Our local reception has been so greatly improved by the increased power of the broadcasting stations and the reallocation of wave lengths, that the air is just full of delightful things that one can't really afford to miss.
We need no longer envy New Jersey with her early records of excellent reception. We now have the advantage of being far enough away from the big stations to avoid a warped perspective of the ether; and although none of the big fellows jam the air for us, we are near enough to receive with great volume.
This permits us to adjust our sets so that the ordinary and unavoidable electrical disturbances are quite inaudible.
We are particularly fortunate in having our electric light current supplied by so enterprising and public spirited an organization as the Westchester Lighting Co. We wonder how many people realize the great work that has been done by them in cleaning up the static situation for us.
They maintain a department under the direction of a specially trained radio man of long experience in all phases of the radio game, whose title might well be that of Static Detective. His job is to hunt down these mysterious buzzes and clicks that are caused by electrical sparks of all kinds as well as trifling power leaks.
The lighting company, at great expense, has run special heavy wires known as tree wires, along many of our streets bordered by trees. The insulation of ordinary wire is easily worn through by the gentle rubbing of the branches; and then, tiny little leaks occur which are of no consequence as a power loss, but which make a buzzing noise in the radios over a considerable area.
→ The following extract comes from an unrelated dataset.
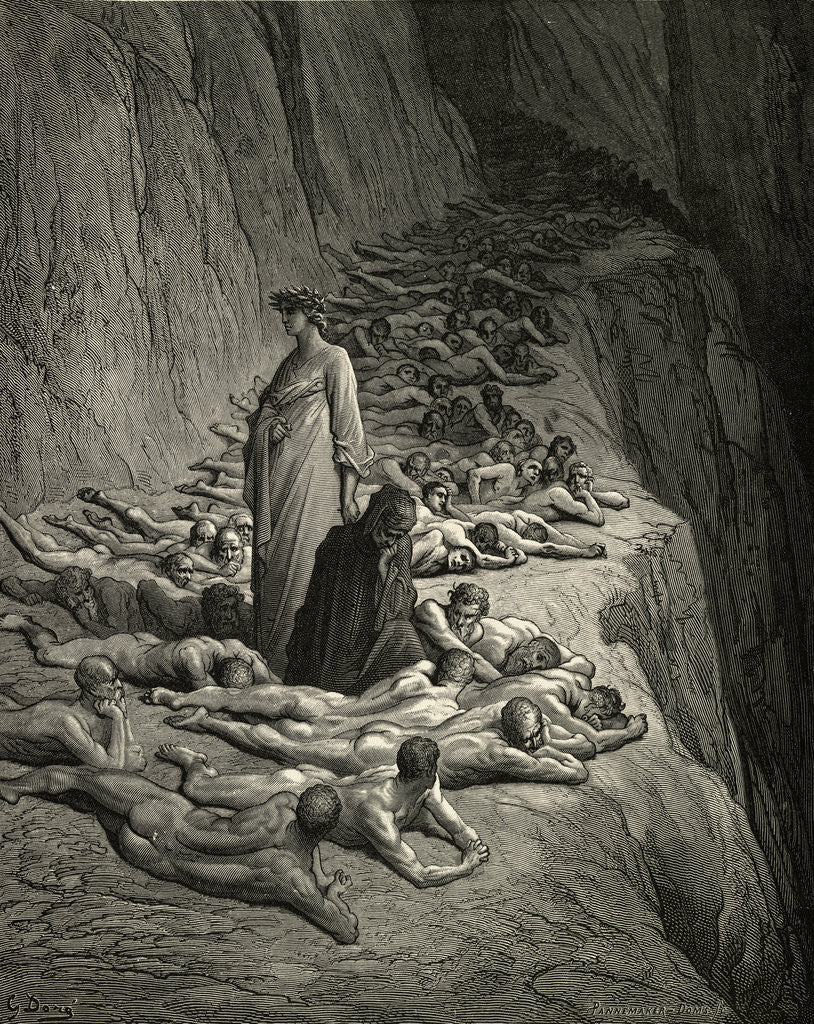 Detail of Scene from Dante's Inferno by Anonymous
And, of course, the greatest joy to many of us, is the fact that the broadcasting station that won the right to become our favorite, by the unusually high quality of its programs no longer casts a feeble and flickering shadow over the Pelhams, but shines down upon us with the intensity of a powerful search light from its new home on Long Island.
The former 'Will O' the Wisp, WEAF' is now one of our most dependable sources of enjoyment with its generous program starting with the reveille calling us to our 'Setting Up' exercises and our good will message from Cheerio, to brighten the breakfast hour these dark mornings, and ending late at night with the finest of jazz and slumber music.
The way the Chicago stations have been pounding through, the last few nights, makes us feel that one of these crisp, cold nights, we are going to hear the coast on our loud speaker.
The perfection of the electric or batteryless [sic] radio that plugs right into your light socket, has brought with it an advantage that is not yet fully appreciated. Not only does one have nothing to replace except an occasional bulb, but because of the greatly increased power of the electric radio, one is able to get great depth of tone combined with clear articulation.
You can now dust off the old phonograph and use the turn table to play the new life-like orthophonic records through your radio amplifier and cone speaker. By means of the volume control provided, the twirl of a knob will swell the music from the softest tinkle of a tiny music box to the full rich tones of a mighty organ or the roar of a symphony orchestra, or an over zealous voice may be tamed to the softest whisper.
As evidence of the appreciativeness of the Pelham audience and its discriminating taste in the selection of their radios, is the unusually high class agencies established by the local dealers.
In such a small town as Pelham, it is most unusual to find authorized dealers for the manufacturers of such high grade sets as, The Victor, Stromberg-Carlson, Brunswick, Fada, Crosley, Radiola, Atwater Kent, Amrad and many others; practically all the really worth while [sic] in radio.
This would also indicate that we Pelhamites have learned the advantages of buying such an important part of one's home life, from our local dealers; perhaps, after the bitter experience in finding that true saving lies not in the first cost, but in the last."
Source: Crawford, Morrel T., Reception Improvements Assure The Pelhams Of A Merry Radio Christmas, The Pelham Sun, Dec. 16, 1927, pg. 15, col. 1.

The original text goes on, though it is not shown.